• **THE PROBLEM**: The whole listing, apart from its images, should be restated word for word.

• **ENTRIES SUPPLIED**:
----

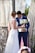 A bride in a white lace wedding gown is standing beside a groom in a blue suit holding a bouquet of white flowers and a small wooden box. They are positioned near a rustic, wooden backdrop with macramé drapes and some greenery.
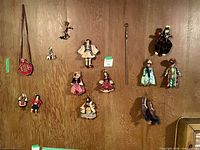 Wide shot of all ten hanging ethnic cloth dolls on wood panel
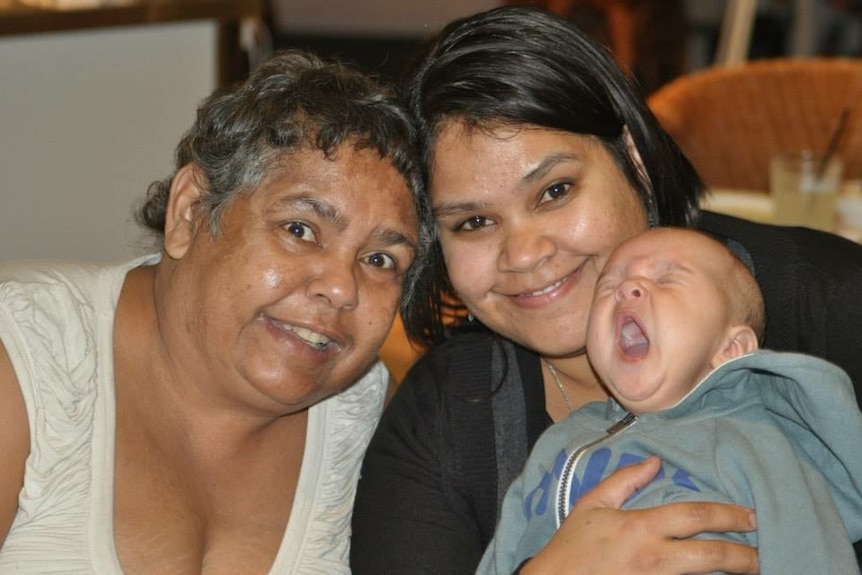 Two women holding a little yawning baby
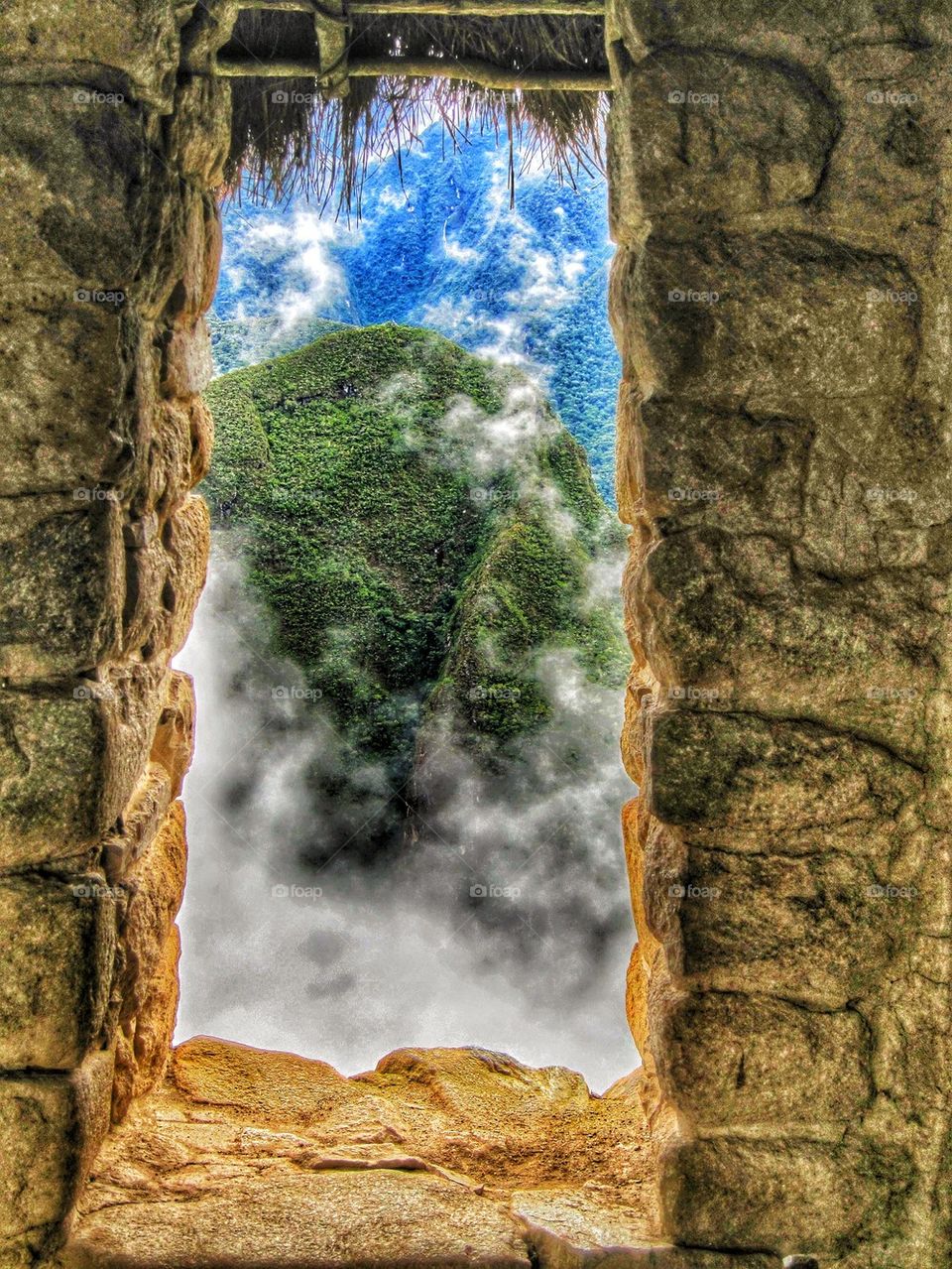 Lush mountains seen through doorway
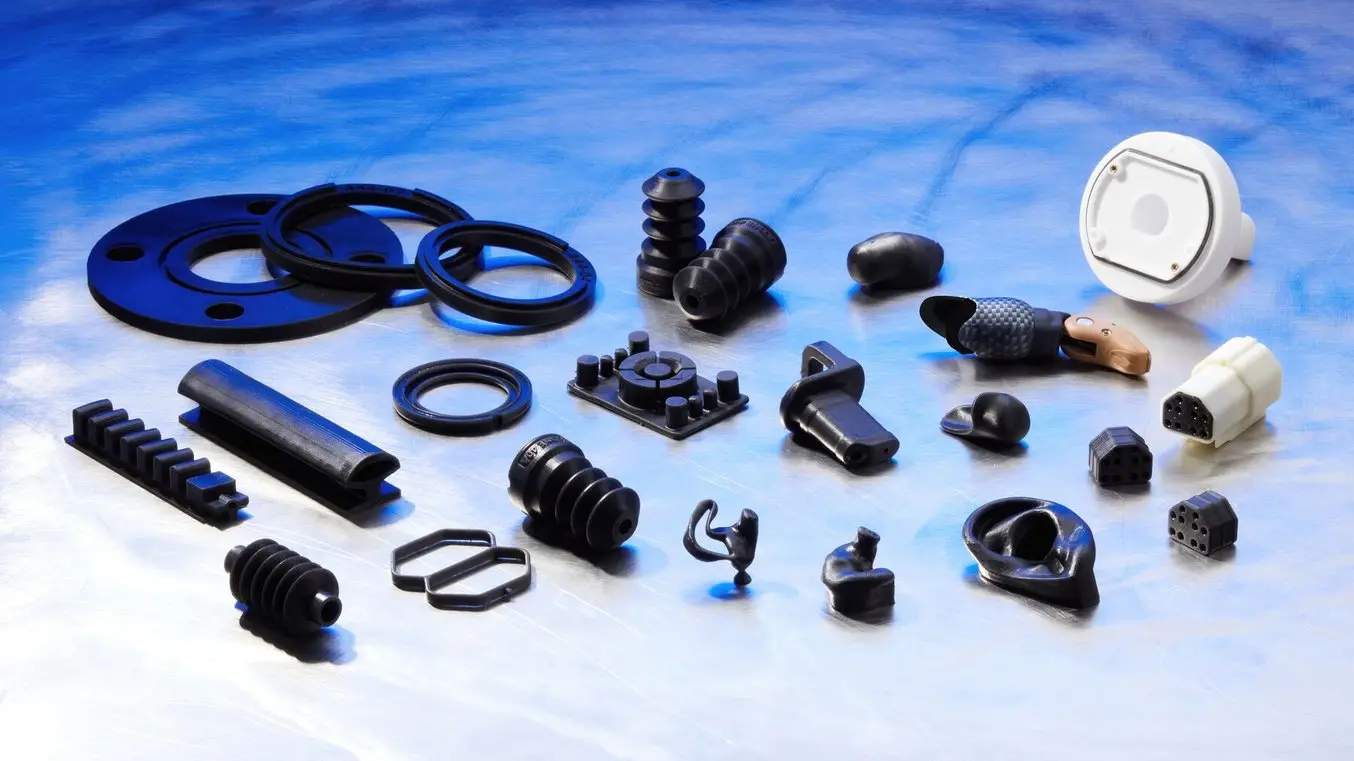 Collage of 3D-printed gaskets, O-rings, bellows, connector housings, plugs, caps, clips, and fixtures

----

• **ANSWER SECTION**:
 A bride in a white lace wedding gown is standing beside a groom in a blue suit holding a bouquet of white flowers and a small wooden box. They are positioned near a rustic, wooden backdrop with macramé drapes and some greenery.
 Wide shot of all ten hanging ethnic cloth dolls on wood panel
 Two women holding a little yawning baby
 Lush mountains seen through doorway
 Collage of 3D-printed gaskets, O-rings, bellows, connector housings, plugs, caps, clips, and fixtures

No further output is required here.